This comment suggests a residential appraiser is opining on non-residential appraisals and doesn't truly understand the entire picture. While the residential real estate market is more (maybe mostly) driven by emotion, the commercial real estate market is more (maybe mostly) driven by money...cold, hard cash. Why would an investor in Timbuktu, seeking the highest return on his capital, care if a property is in Dayton, Cleveland, Philadelphia, or Atlanta if they conclude that they have reasonably equal prospects for achieving their investment goals in each? That is the fundamental power of a cap rate. While those engaged mostly in appraising residential real estate might conclude that if rents in Dayton were $10/ft² and were $15/ft² in Atlanta, a location adjustment is mandatory, an investor or competent appraiser can recognize that a cap rate of 10% in each case reflects equality.

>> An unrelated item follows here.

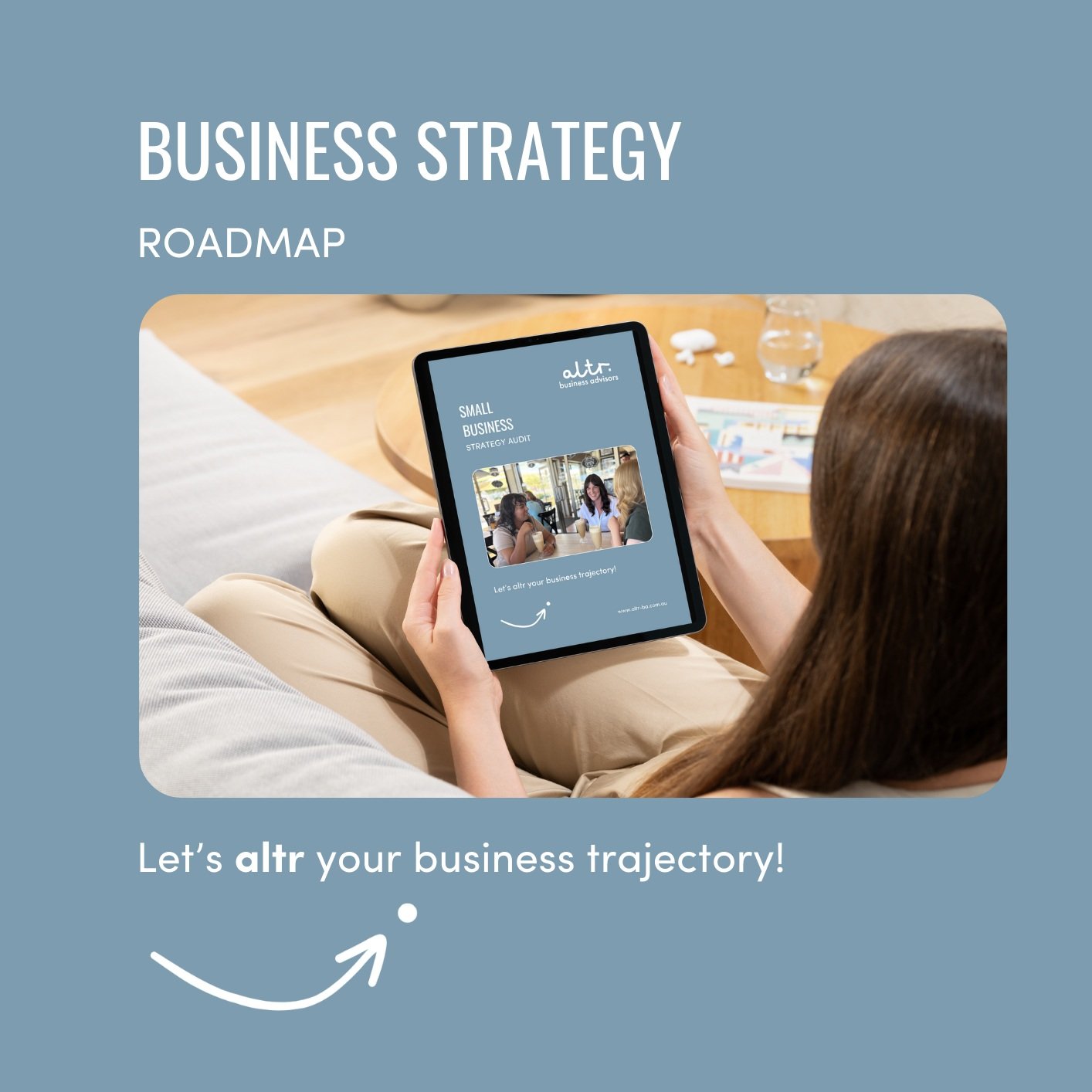 Business+STRATEGY+ROADMAP+With+Maz.jpg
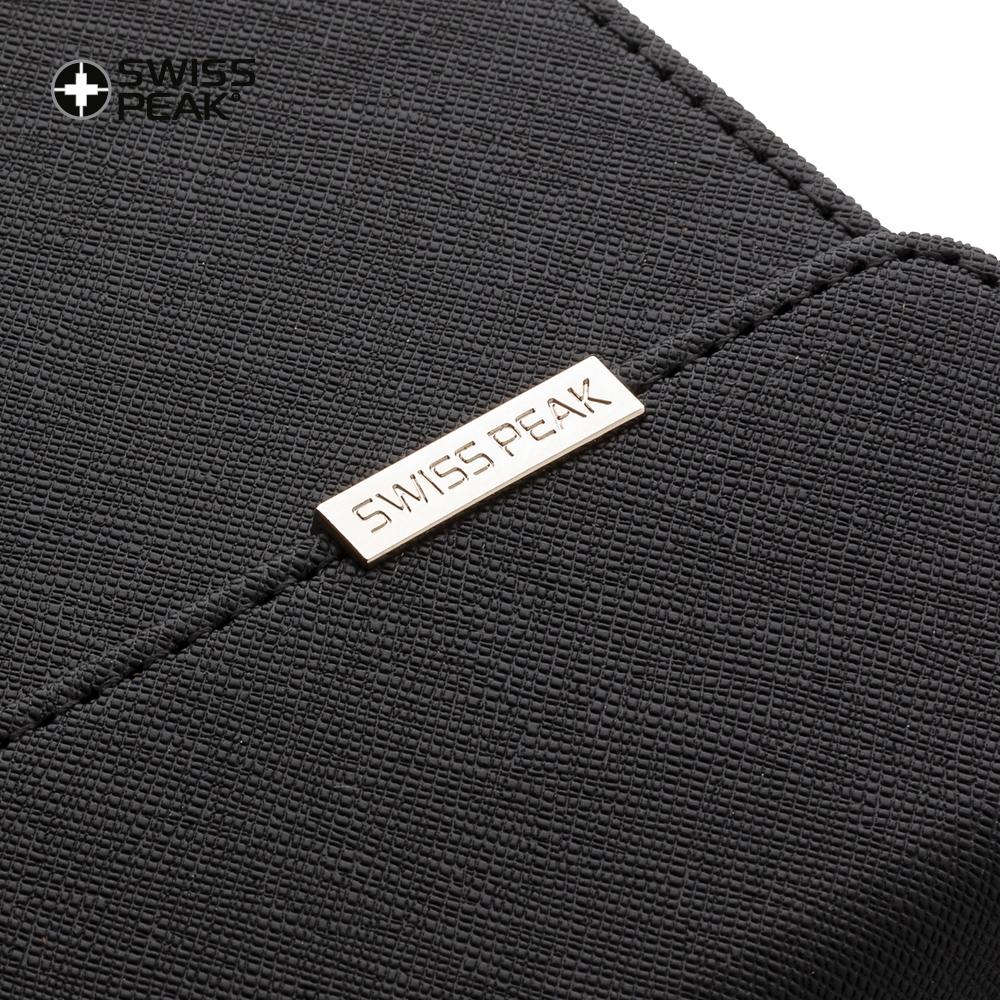 https://www.patrickandsant.com/CompanyFiles/Ref/1OF-575/1OF-575_5.jpg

I was the last one who thought a new office building being constructed in Sydney, Montana, in 2008 (population 4,778 after trending mostly down for 20 years, where locally relevant real estate was barely saleable) could relate to similar properties in Tennessee, Ohio, Utah, Oregon, Colorado, or North Dakota, but after actually doing the work (rather than ignorantly whining about what I didn't comprehend on a forum), it is inconceivable that a location adjustment was warranted between those properties and my subject. Cap rates were all between 7.1% and 9.3% and averaged about 7.8%, with Pembina, ND (population 579 and falling) being the outlier. Even more shocking is that all of these properties, mostly constructed for lease to US Government specs for US Government occupation, involved leases that allowed the tenant to cancel the lease with 30 days written notice. Again, doing the work led to a conclusion that investors in these properties did not view that as a risk because most were not aware of even a single instance where that had occurred.
As an aside, I see a lot of comments from "residential" appraisers about how deficient appraisals of any property type are when completed by "general certified" appraisers (and vice versa), and how any appraisals done by "designated" appraisers are inferior to any ever done by any appraiser lacking the motivation or acumen to become designated. These comments, viewed generously, suggest that these commentators, engaged in the business of analyzing and explaining variation in real estate prices, are fundamentally incapable of identifying extraneous data. Less generously, these commentators exhibit maturity equal to what I remember on the playground in about the third grade. Either way, such comments almost always paint the commentator as petty and jealous more than they detract from other licensees or designees.